Pays-Bas : la justice se prononce pour le non retour des enfants et femmes des jihadistes

L’Etat néerlandais n’est pas juridiquement obligé de rapatrier des femmes et des enfants de Syrie : la Cour d’appel de La Haye a donné raison à l’Etat. Elle estime que celui-ci ne peut pas être contraint à rapatrier les enfants de femmes néerlandaises ayant rejoint le groupe terroriste Etat islamique ( Daech acronyme arabe ) . Selon la Cour d’appel il s’agit d’une décision politique, qui ne relève pas de la compétence d’un juge.

Ce mois-ci 23 femmes jihadistes, depuis des camps de détention dans le nord de la Syrie, avaient intenté une action en justice afin d’obtenir leur rapatriement aux Pays-Bas, avec leurs 56 enfants.

« C’est très décevant, réagit André Seebregts, l’avocat de ces femmes, étant donné que ces enfants sont très jeunes, moins de six ans, vivants dans une situation si difficile.
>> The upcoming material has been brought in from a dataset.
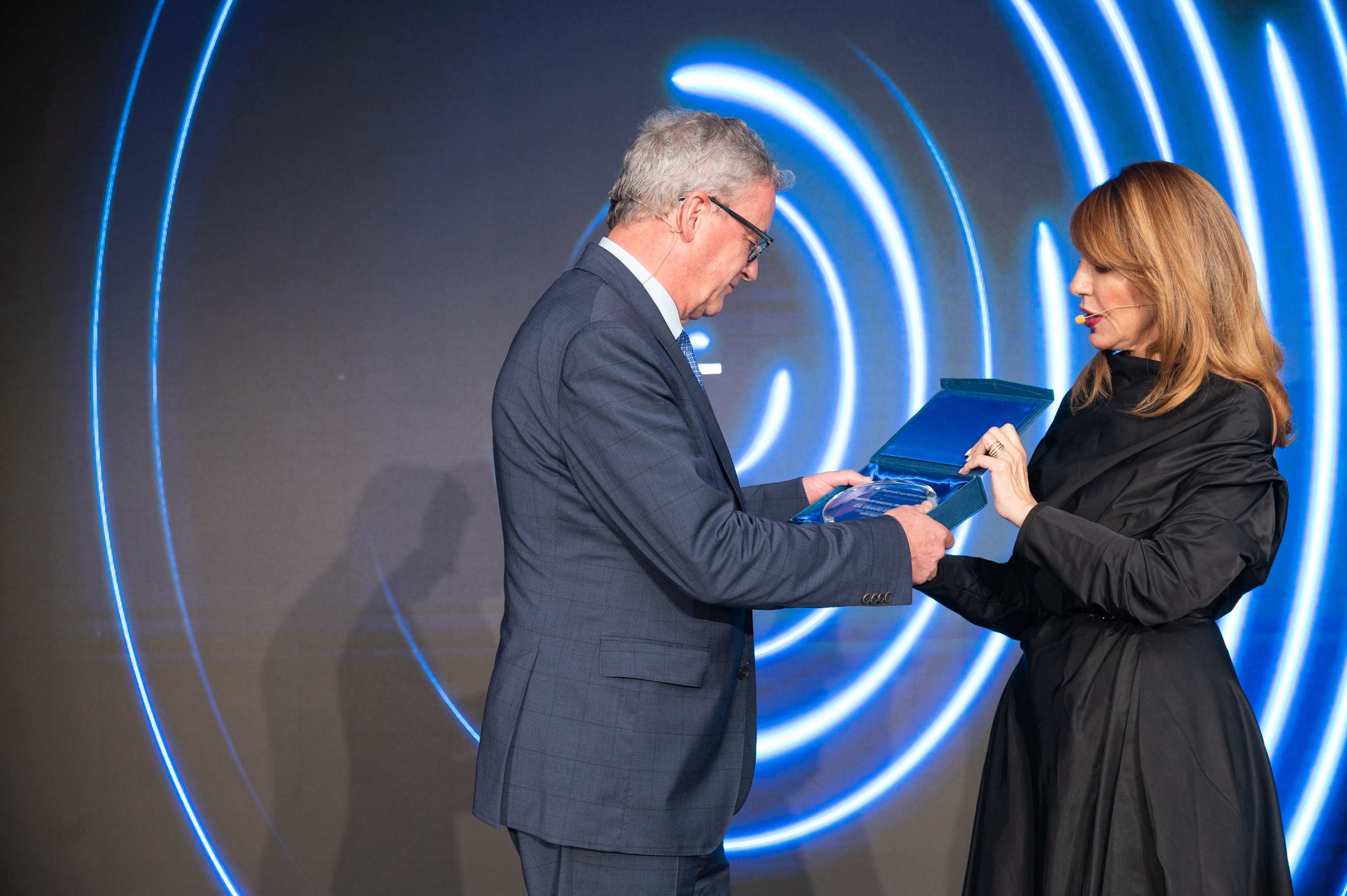 RCC Secretary General Majlida Bregu gave the award of Champion of Regional Cooperation Dr. Erhard Busek to ambassador Eigner Johannes on behalf of late dr. Busek on a ceremony held on 9 June in Thessaloniki (Photo: RCC/Armand Habazaj)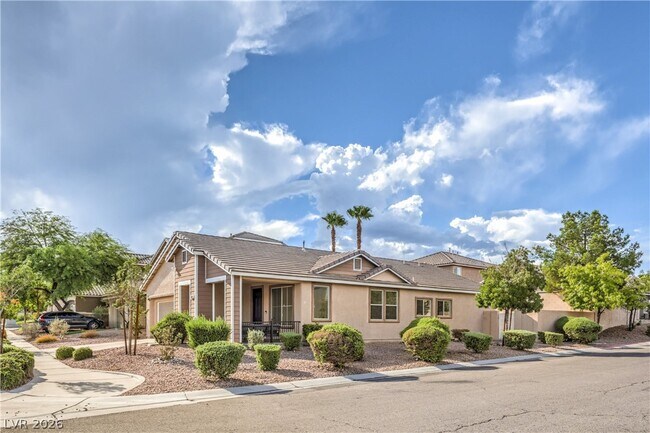 Building Photo - 10762 Flame Vine Ct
On ne peut leur reprocher quoi que ce soit ».

Cette question des rapatriements embarrasse de nombreux pays qui souhaitent que les jihadistes soient jugés en Syrie ou en Irak. La Turquie a commencé en novembre à renvoyer dans leur pays des jihadistes étrangers et a critiqué les pays occidentaux pour leur refus de rapatrier leurs citoyens partis rejoindre le groupe terroriste Daech en Syrie et en Irak.